1. Field of the Invention
Embodiments relate to a memory chip. More particularly, embodiments relate to a method for shifting the phase of a clock signal and a memory chip using the same.
2. Description of the Related Art
Semiconductor memory devices transmit and receive data in response to a clock signal. That is, semiconductor memory devices sample data in synchronization with a rising edge or a falling edge of a clock signal.
To transmit and receive the data between the transmitter and the receiver, the clock signal must be correctly synchronized with the data. When pulses of the clock signal are not exactly synchronized with edges of the waveform of data bits transmitted and received, the probability that an error is generated in the data bits increases. Accordingly, it is preferable that the pulses of the clock signal are synchronized with middle points of periods in which the data bits are sampled without error.
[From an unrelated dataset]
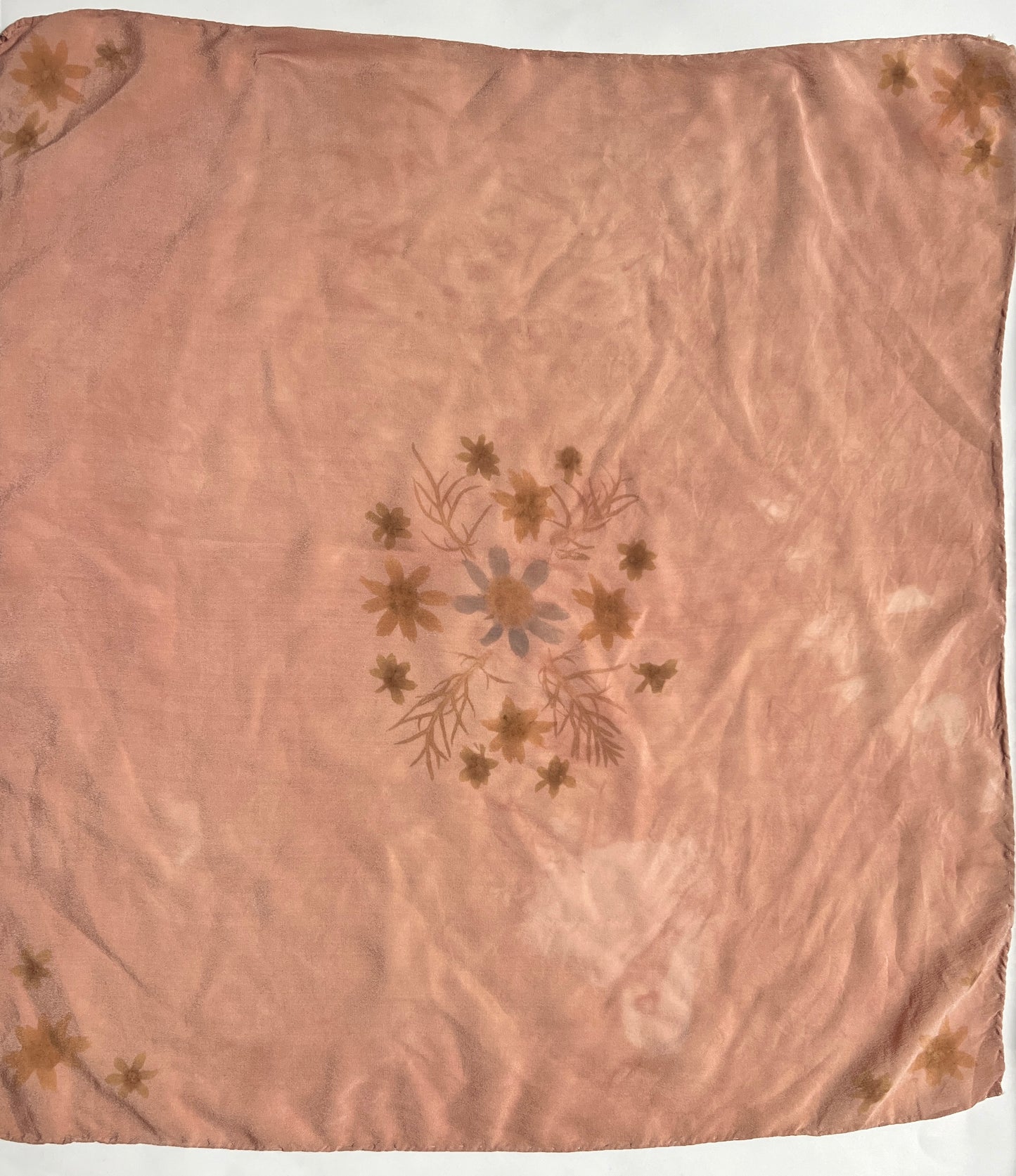 Flower Printed & Avocado Dyed Silk Scarf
Therefore, semiconductor memory devices perform an operation of detecting middle points of periods in which data bits are sampled without error as an initial operation.
FIG. 1 illustrates data DATA and a clock signal CLK in a conventional clock phase shifting method. Referring to FIG. 1, the conventional method determines whether the data DATA sampled in synchronization with the clock signal CLK has an error while shifting the phase of the clock signal CLK. For the particular example in FIG. 1, data DATA is one bit data, the clock signal CLK has a cycle of 360°, and the phase of the clock signal CLK is shifted by 10°.
An edge of a pulse of the clock signal CLK is synchronized with an edge of the waveform of the data bit DATA. When the clock signal CLK has a phase of 0°, the data bit DATA sampled in synchronization with the clock signal CLK having a phase of 0° has an error (F) if the clock signal CLK is synchronized with the left edge of the waveform of the data bit DATA. Then, the phase of the clock signal CLK is shifted by 10° and the data bit DATA is sampled in synchronization with the clock signal CLK having a phase of 10°. In this case, the sampled data bit DATA also has an error (F). In this manner, the data bit DATA is sampled while the phase of the clock signal CLK is shifted by 10° to determine whether the data bit DATA has an error. In FIG. 1, the data bit DATA has an error (F) when sampled in synchronization with the clock signal CLK having phases of 0°, 10°, 20° and 30° and does not have an error (P) when sampled in synchronization with the clock signal CLK having phases of 40°, 50°, . . . , 340°. Furthermore, the data bit DATA has an error (F) when sampled in synchronization with the clock signal CLK having phases of 350° and 360°.
As described above, the conventional method determines whether each data bit has an error for every phase of a clock signal while the phase of the clock signal is shifted. However, the conventional method requires an excessively long period of time to determine whether data has an error.